> **Work request**
From the material below, reproduce exactly the stretch of lines that begins with the line holding "Abstract Modern Roll-up" and ends with the line holding "Majestic penguin parade on icy terrain", skipping the pictures.
Supplied information Start Marker
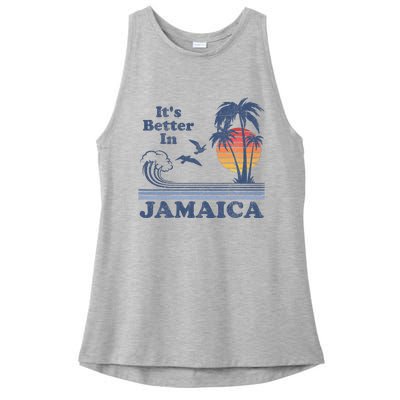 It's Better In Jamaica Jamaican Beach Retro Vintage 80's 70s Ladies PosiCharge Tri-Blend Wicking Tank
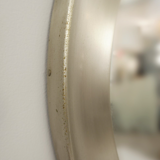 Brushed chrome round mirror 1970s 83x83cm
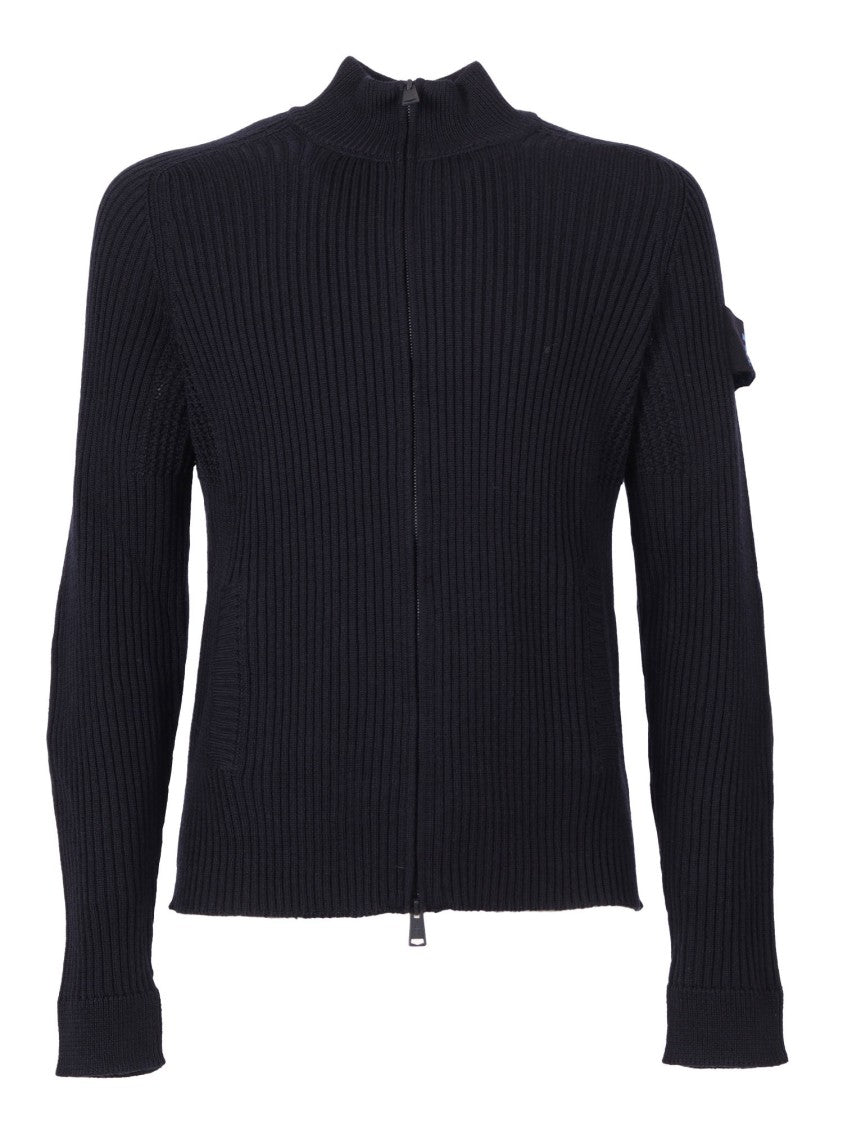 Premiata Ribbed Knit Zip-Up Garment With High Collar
Supplied information End Marker
Supplied information Start Marker
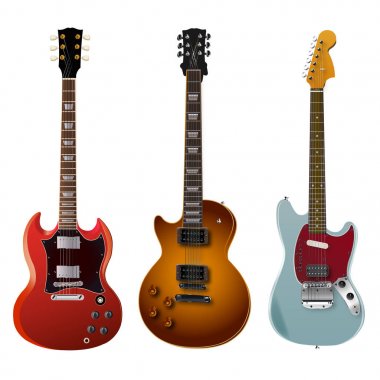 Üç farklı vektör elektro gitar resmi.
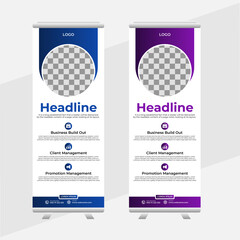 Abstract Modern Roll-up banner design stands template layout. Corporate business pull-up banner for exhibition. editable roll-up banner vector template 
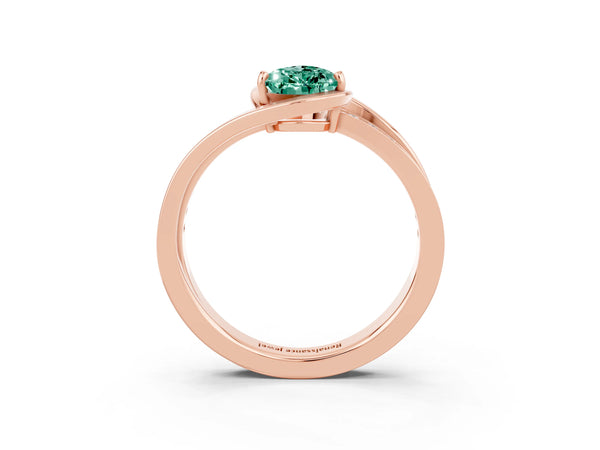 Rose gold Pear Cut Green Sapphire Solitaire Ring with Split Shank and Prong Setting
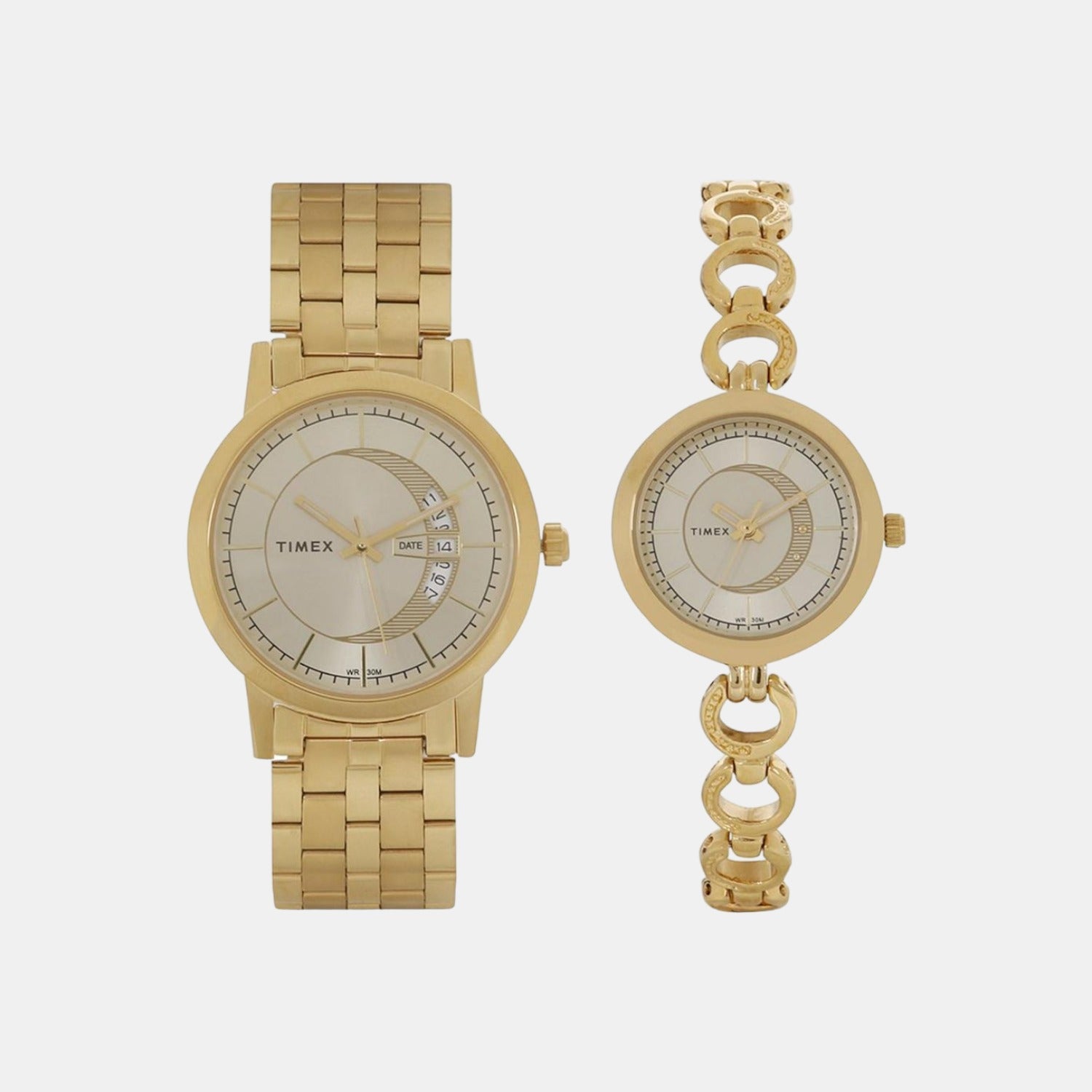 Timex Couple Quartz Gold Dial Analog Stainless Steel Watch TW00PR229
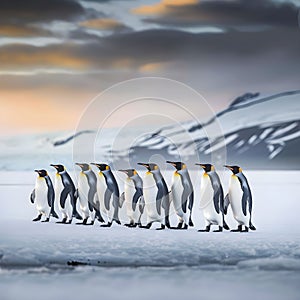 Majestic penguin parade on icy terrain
Supplied information End Marker
> **Result for this task**
 Abstract Modern Roll-up banner design stands template layout. Corporate business pull-up banner for exhibition. editable roll-up banner vector template 
 Rose gold Pear Cut Green Sapphire Solitaire Ring with Split Shank and Prong Setting
 Timex Couple Quartz Gold Dial Analog Stainless Steel Watch TW00PR229
 Majestic penguin parade on icy terrain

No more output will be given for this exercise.